SHA-256 or MD5 for file integrity

Both SHA256 and MDA5 are hashing algorithms. They take your input data, in this case your file, and output a 256/128-bit number. This number is a checksum. There is no encryption taking place because an infinite number of inputs can result in the same hash value, although in reality collisions are rare.

SHA256 takes somewhat more time to calculate than MD5, according to this answer.

Offhand, I'd say that MD5 would be probably be suitable for what you need.


Every answer seems to suggest that you need to use secure hashes to do the job but all of these are tuned to be slow to force a bruteforce attacker to have lots of computing power and depending on your needs this may not be the best solution.

There are algorithms specifically designed to hash files as fast as possible to check integrity and comparison (murmur, XXhash...). Obviously these are not designed for security as they don't meet the requirements of a secure hash algorithm (i.e. randomness) but have low collision rates for large messages. This features make them ideal if you are not looking for security but speed.

Examples of this algorithms and comparison can be found in this excellent answer: Which hashing algorithm is best for uniqueness and speed?.

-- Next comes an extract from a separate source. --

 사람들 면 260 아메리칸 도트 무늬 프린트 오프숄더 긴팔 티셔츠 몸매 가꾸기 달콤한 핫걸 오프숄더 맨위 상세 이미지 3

As an example, we at our Q&A site use murmur3 to hash the images uploaded by the users so we only store them once even if users upload the same image in several answers.


To 1): Yes, on most CPUs, SHA-256 is about only 40% as fast as MD5.

To 2): I would argue for a different algorithm than MD5 in such a case. I would definitely prefer an algorithm that is considered safe. However, this is more a feeling. Cases where this matters would be rather constructed than realistic, e.g. if your backup system encounters an example case of an attack on an MD5-based certificate, you are likely to have two files in such an example with different data, but identical MD5 checksums. For the rest of the cases, it doesn't matter, because MD5 checksums have a collision (= same checksums for different data) virtually only when provoked intentionally. I'm not an expert on the various hashing (checksum generating) algorithms, so I can not suggest another algorithm. Hence this part of the question is still open. Suggested further reading is Cryptographic Hash Function - File or Data Identifier on Wikipedia. Also further down on that page there is a list of cryptographic hash algorithms.

To 3): MD5 is an algorithm to calculate checksums. A checksum calculated using this algorithm is then called an MD5 checksum.